A brief overall description of the future 3 mile long subway tunnel coming to the neighborhood is an 8 page paper (pdf) prepared for a 2008 tunnel conference. The paper is on a contractor’s web site. http://ow.ly/1FODc
Quoting, “The TBM for the northbound tunnel will be launched first from the CHS box after the bottom slab has been placed. This will allow for construction of the station box while the northbound running
tunnel is mined. Once the TBM reaches the PSST, the TBM will be moved back to CHS and then re-launched to mine the southbound running tunnel.”
Good luck to all involved!
According to Sound Transit spokesperson Bruce Gray, the power upgrade is, indeed, necessary to power the tunnel boring machine, a.k.a the TBM. “After checking in with our construction folks,” Gray wrote, “the short answer to your question is yes, we need more juice at the site for the TBM operations than what we have there today.” Seattle City Light tells us that the lines are temporary and being installed specifically for the light rail station’s construction period. They also tell us that the system will be set up to provide Sound Transit contractors drilling the tunnel with two feeder lines so that there is a back-up should one line fail. City Light says both of those lines will be fed by the Pine substation. Now you know!
- UPDATE: We also have a follow-up we didn’t even have to dig for.
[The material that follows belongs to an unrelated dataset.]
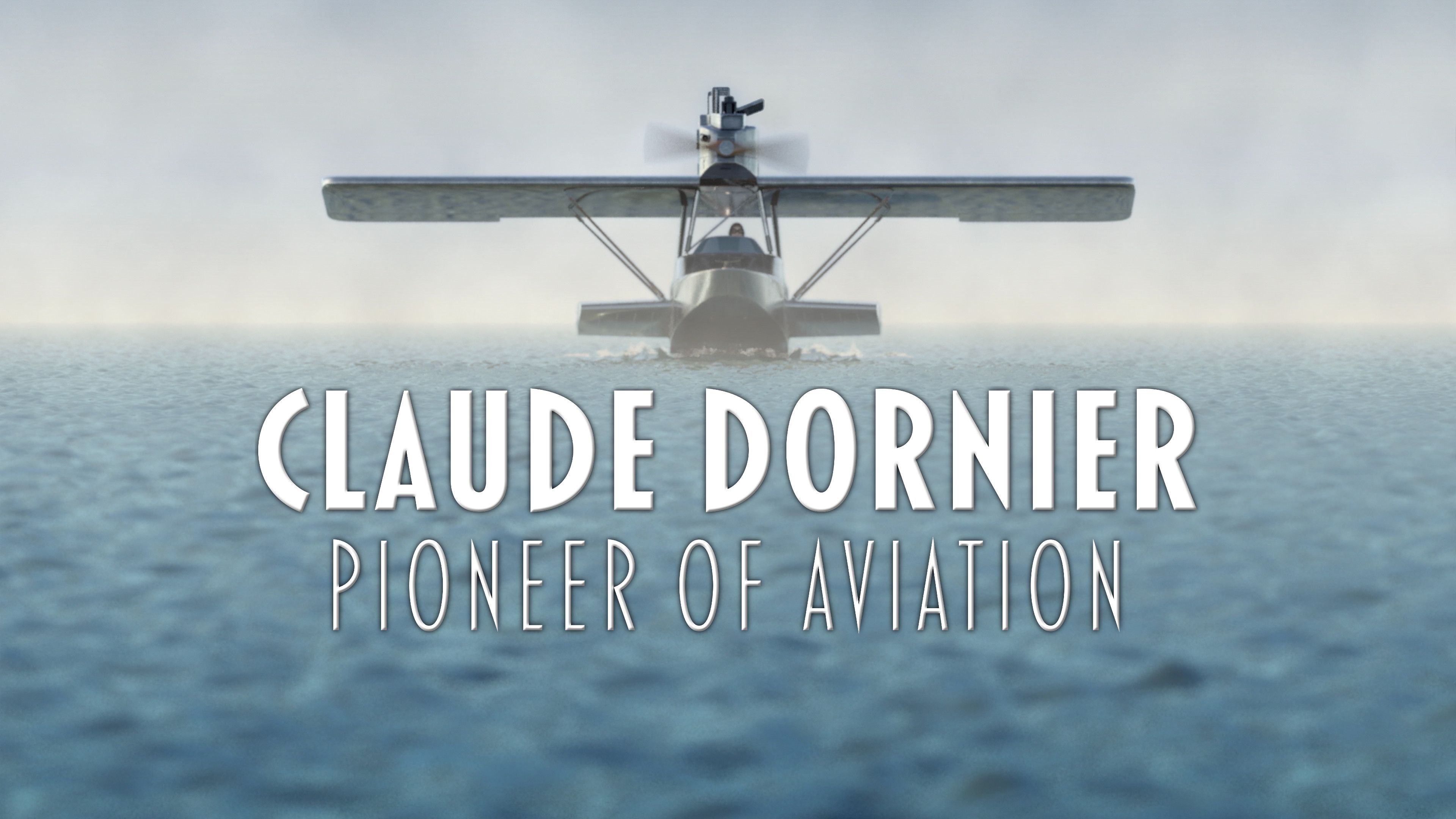 Claude Dornier - Pioneer of Aviation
A spokesperson for SDOT sent us unsolicited e-mail with some answers to questions raised in the comments on our recent post about a summer 10th Ave paving project. Take it away Marybeth Turner:
One reader asks why it takes so long to pave 10th from Boston to Miller. The reason is that we will completely reconstruct the roadway from the base up, and pave with concrete which is better suited to support the bus traffic on this street. (This takes a lot longer than grinding down surface asphalt and then applying a new asphalt surface as we do on many city streets.) Also, we will remove and replace the concrete curb on both sides of the street.
Other readers asked why we don’t pave all the way north to Roanoke, and why we don’t pave Boston from 10th Avenue to Broadway. We are aware of the poor pavement condition. Ideally, we would like to reconstruct all of 10th Avenue East from the SR 520 overpass to the turn at Broadway; however, with limited funds, we prioritized the segment through the business district. We plan to reconstruct the other parts of 10th when the funds are available. We are not paving Boston because with limited funds we are giving priority to arterial streets.
Another reader asked for an alternative bike route during construction. We are consulting with our bicycle program staff on this issue.